Networking, however, is a process. It can be tiring. Sometimes you come up empty and feel like you wasted your time. But, keep at it and you’ll eventually make that connection.
So what do you do when you do manage to hit the right event and meet a few good connections?
Start with business cards
The easiest and most logical place to start is with the stack of new business cards from everyone you just met.
I’ll be honest, not everyone you meet will be worth following up with or contacting at all. But, I wouldn’t suggest throwing them all out right away. You never know what the future may hold for your business or even you personally. One of these seemingly useless contacts may be a huge benefit to have down the line. So, just set them aside for now.
For those people you did meet who you see as a potential customer or referral connection, set them aside in their own special little pile. Think about what exactly you can offer them, or they can offer you, before you move on.
Stalk Find them on LinkedIn
The people from the good pile are sure to be on LinkedIn, so deepen your connection by asking to join their network.
This is a good way to put yourself in the front of their minds and remind them of your conversation. You may even find that you have a mutual connection that can make getting to know them that much easier.
Start a dialogue
Once you’ve made the initial “post-connection” connection, open up a dialogue with them.
Send them an email or a note over LinkedIn. Let them know you enjoyed meeting them at the networking event and extend an invite to answer any questions if they have any.
You can also invite them to join your email list and start regularly providing them with content and information about your business. Remember just because they gave you their business card that does not give you permission to start spamming them. But if they are interested, they will sign up and that may start the process of turning that lead into a customer.
Once you’ve had the opportunity to reach out personally – and maybe send them a couple of email newsletters – now is a good time to take the next step, if they haven’t already tried to reach out.

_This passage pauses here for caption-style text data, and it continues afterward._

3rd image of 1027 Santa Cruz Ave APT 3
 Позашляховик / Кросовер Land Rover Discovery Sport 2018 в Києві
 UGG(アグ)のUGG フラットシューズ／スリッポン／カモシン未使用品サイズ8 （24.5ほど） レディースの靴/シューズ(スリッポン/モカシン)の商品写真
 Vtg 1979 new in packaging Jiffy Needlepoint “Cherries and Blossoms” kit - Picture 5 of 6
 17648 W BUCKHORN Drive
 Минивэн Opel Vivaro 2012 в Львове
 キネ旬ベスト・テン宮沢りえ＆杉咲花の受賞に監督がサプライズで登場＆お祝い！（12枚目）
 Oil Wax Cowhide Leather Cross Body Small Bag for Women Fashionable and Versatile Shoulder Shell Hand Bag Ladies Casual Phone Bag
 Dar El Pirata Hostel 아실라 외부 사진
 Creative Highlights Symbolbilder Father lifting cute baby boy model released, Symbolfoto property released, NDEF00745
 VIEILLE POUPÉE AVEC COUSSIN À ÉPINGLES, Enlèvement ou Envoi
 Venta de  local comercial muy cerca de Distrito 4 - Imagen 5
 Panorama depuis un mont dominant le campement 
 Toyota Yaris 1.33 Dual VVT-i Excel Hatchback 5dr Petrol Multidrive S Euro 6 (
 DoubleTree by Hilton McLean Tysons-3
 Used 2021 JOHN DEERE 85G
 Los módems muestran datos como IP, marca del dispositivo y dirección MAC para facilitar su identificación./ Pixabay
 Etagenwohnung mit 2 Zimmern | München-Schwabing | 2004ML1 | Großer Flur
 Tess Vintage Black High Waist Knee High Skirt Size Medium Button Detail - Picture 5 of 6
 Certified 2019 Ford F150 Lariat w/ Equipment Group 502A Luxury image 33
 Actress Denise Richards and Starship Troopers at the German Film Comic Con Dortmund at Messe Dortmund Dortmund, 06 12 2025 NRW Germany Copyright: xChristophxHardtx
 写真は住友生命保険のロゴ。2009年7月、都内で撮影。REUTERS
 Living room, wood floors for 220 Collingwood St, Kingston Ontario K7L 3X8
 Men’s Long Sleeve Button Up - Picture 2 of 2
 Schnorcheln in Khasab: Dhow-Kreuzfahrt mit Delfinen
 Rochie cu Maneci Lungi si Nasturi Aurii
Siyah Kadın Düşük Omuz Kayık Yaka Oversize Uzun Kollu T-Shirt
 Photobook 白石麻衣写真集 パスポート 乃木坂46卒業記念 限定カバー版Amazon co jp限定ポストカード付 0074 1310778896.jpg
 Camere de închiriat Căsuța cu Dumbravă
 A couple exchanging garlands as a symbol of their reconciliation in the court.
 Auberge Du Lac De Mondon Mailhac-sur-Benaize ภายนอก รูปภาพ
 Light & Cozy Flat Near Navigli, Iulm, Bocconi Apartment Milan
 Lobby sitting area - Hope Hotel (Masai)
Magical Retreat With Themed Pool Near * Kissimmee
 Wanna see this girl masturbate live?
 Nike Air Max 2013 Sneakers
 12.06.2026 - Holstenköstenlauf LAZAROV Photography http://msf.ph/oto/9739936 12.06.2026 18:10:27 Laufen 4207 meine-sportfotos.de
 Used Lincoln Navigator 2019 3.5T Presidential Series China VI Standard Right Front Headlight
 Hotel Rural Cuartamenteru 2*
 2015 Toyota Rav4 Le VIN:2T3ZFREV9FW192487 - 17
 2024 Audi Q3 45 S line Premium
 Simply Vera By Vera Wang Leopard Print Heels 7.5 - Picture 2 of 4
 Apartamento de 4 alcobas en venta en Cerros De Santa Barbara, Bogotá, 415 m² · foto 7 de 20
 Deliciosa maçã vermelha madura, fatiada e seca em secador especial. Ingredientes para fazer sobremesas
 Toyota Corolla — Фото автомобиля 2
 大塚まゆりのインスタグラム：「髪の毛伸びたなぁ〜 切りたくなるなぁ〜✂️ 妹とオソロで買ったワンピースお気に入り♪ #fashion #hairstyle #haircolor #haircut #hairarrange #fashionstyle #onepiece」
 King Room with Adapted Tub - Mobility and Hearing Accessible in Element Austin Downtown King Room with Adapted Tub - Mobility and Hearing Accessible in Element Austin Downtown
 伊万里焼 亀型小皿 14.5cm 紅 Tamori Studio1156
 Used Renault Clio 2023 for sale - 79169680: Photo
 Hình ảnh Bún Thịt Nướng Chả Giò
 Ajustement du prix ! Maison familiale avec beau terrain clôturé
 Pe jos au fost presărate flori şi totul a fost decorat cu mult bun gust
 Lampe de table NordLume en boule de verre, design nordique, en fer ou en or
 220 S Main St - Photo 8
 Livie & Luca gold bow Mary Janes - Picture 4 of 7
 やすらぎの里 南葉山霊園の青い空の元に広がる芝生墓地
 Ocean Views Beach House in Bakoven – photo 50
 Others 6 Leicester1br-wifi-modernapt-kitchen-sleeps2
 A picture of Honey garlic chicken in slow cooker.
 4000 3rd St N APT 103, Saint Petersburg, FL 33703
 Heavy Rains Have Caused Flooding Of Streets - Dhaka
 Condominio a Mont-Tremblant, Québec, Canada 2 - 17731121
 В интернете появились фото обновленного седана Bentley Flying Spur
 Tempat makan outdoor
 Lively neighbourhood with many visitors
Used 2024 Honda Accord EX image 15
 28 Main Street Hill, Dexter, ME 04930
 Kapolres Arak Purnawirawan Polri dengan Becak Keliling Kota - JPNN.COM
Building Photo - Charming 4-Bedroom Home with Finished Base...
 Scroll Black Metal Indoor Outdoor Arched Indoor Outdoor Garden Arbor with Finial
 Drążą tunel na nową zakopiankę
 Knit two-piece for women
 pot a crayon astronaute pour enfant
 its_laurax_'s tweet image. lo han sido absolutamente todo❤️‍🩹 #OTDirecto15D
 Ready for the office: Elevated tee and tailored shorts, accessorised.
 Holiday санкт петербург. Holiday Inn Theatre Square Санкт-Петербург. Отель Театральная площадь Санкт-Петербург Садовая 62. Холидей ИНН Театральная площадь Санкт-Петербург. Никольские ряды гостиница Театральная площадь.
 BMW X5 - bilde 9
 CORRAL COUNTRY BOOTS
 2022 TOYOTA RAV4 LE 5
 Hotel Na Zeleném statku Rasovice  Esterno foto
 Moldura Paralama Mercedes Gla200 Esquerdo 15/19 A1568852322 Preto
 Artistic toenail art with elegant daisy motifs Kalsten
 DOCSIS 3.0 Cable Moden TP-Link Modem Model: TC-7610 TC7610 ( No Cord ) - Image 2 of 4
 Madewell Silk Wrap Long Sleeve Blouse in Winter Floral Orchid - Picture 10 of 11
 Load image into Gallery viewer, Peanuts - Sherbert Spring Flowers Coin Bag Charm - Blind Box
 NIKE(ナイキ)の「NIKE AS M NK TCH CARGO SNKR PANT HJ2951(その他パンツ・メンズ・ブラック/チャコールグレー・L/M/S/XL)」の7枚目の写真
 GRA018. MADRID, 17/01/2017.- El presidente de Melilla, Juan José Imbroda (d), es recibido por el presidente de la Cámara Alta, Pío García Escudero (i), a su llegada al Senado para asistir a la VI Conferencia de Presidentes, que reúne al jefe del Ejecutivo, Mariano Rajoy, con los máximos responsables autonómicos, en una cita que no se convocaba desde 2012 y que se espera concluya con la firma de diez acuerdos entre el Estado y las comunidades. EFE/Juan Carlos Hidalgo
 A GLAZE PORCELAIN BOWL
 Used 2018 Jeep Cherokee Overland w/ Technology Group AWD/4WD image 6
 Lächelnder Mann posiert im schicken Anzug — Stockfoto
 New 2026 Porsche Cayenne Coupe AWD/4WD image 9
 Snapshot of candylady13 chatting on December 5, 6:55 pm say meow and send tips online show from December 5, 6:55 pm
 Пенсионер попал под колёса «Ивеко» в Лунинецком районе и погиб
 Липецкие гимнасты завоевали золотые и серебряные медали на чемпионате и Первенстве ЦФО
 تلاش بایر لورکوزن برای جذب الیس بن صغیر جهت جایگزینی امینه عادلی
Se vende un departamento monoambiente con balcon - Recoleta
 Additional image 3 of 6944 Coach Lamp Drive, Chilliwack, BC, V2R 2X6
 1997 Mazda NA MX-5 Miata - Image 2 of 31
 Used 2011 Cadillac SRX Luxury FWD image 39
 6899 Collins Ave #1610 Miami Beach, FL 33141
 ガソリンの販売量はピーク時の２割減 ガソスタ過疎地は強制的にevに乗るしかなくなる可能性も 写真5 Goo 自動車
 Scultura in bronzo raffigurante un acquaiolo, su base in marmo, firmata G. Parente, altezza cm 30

Invite your new contact out for a cup of coffee or invite them to your office to chat. Take the opportunity to catch up, make a little small talk and continue any previous conversations you’ve had about how you can help each other, either as client/customer or as referral buddies.
This can be a little clunky or awkward if you haven’t laid the ground work. That’s why I really suggest taking the time to do the follow up and build some level of a relationship before you try to grab a coffee or lunch or get together to talk business.